For this exercise, retype each line of the material below verbatim and omit any picture.

**Source data:**
BEGIN
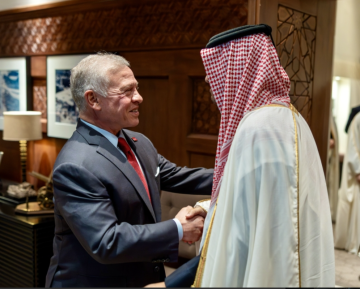 الملك يستقبل رئيس الوزراء القطري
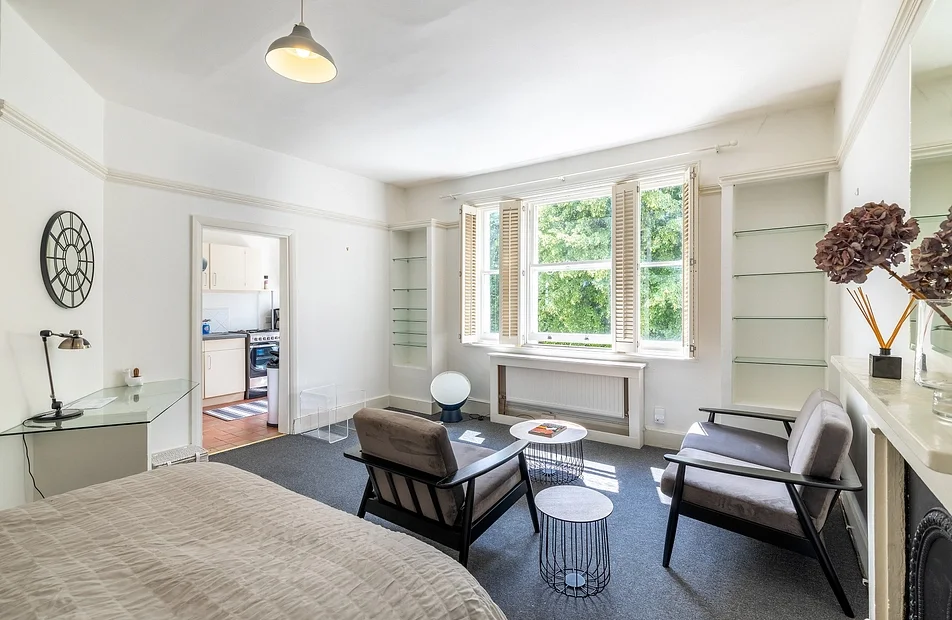 Flat Elsham Road in Greater London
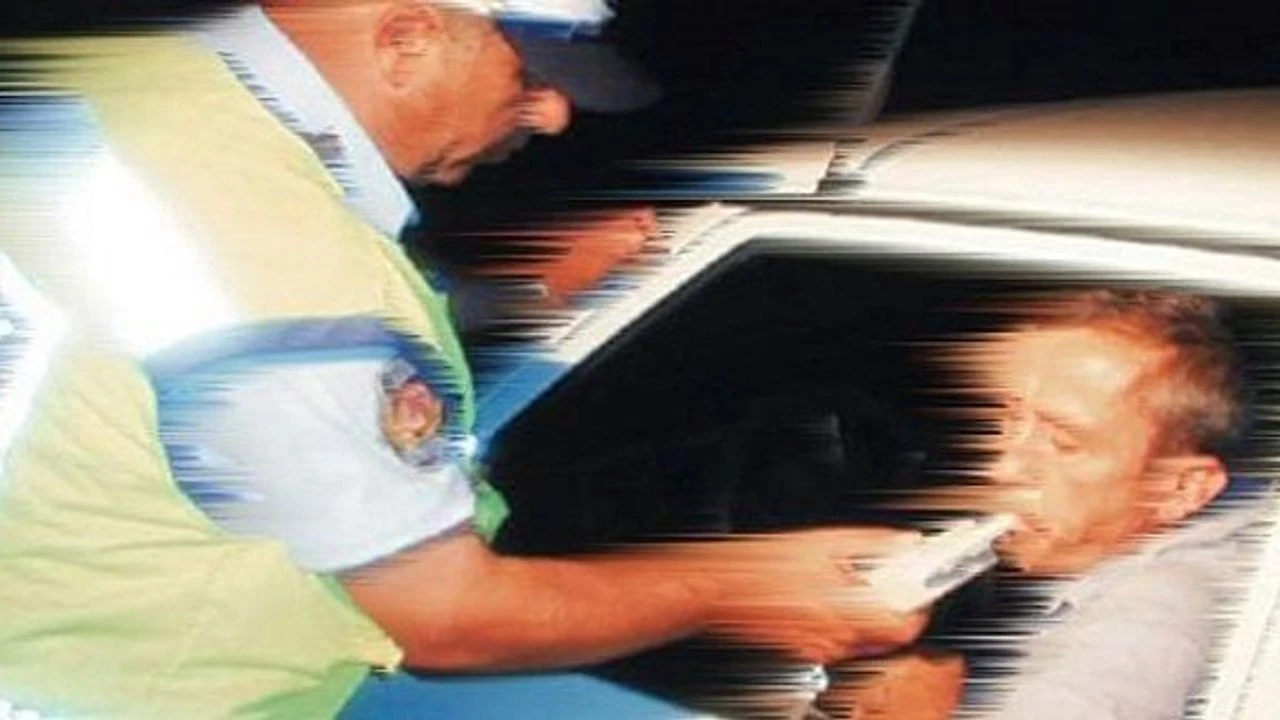 Alkollu Arac Kullanmanin Yaptirimlari Ve Alkolmetre Ile Alkol Kontrolunu Reddeden Kisiden Zorla Kan Ornegi Alinmasi Bb3A3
END
**Written response:**
 الملك يستقبل رئيس الوزراء القطري
 Flat Elsham Road in Greater London
 Alkollu Arac Kullanmanin Yaptirimlari Ve Alkolmetre Ile Alkol Kontrolunu Reddeden Kisiden Zorla Kan Ornegi Alinmasi Bb3A3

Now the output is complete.